*Result*: Fault Prediction and Maintenance Decision Support of New Energy Vehicles Based on Big Data Analysis.

Title:
Fault Prediction and Maintenance Decision Support of New Energy Vehicles Based on Big Data Analysis.
Authors:
Chen, Junzhang1 (AUTHOR) cjz140@163.com
Source:
International Journal of High Speed Electronics & Systems. Mar2025, p1. 23p.
Database:
Business Source Premier

*Further Information*

*The increasing reliance on New Energy Vehicles (NEVs) has highlighted the need for efficient fault prediction and maintenance strategies to ensure their optimal performance and longevity. This study introduces the Refined Puffin Algorithm-refined Scalable Random Forest Tree (RPA-SRFT), a novel hybrid model designed to predict faults and optimize maintenance decisions in NEVs. The dataset used fault prediction and optimization in NEV. It covers multiple vehicle models and includes real-time operational data for fault prediction. Data preprocessing includes cleaning and normalization to handle missing values, remove noise, and scale the data to ensure consistency across features. Feature extraction is performed using Principal Component Analysis (PCA), which reduces dimensionality while retaining key information necessary for accurate fault prediction. The Refined Puffin Algorithm (RPA) is applied for fine-tuning the hyperparameters of the Scalable Random Forest Tree (SRFT), ensuring the model is well-adapted to large-scale NEVs data.
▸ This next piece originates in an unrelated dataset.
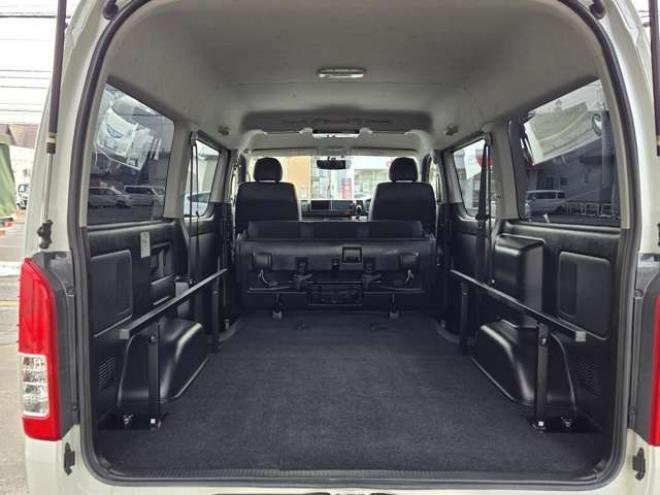 ハイエースバン2.7 スーパーGL ダークプライム ワイド ミドルルーフ ロングボディ 4WD　4WD　寒冷地仕様　両側パワスラ　スマキー　プッシュスタート　リアヒーター&クーラー　アルパインインナーミラー&フリップダウンモニター　社外メモリナビ　フルセグTV　ETC　ベッドキッド　Bカメラ 2700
The implementation of the RPA-SRFT algorithm in Python resulted in a significant improvement in fault prediction, with recall (97.60%), F1-score (98%), accuracy (98.50%), and precision (98%) outperforming conventional models in terms of both predictive performance and scalability. By leveraging advanced machine learning technique and big data analysis model, it can proactively predict faults and optimize maintenance schedules, resulting in reduced downtime and lower maintenance costs. [ABSTRACT FROM AUTHOR]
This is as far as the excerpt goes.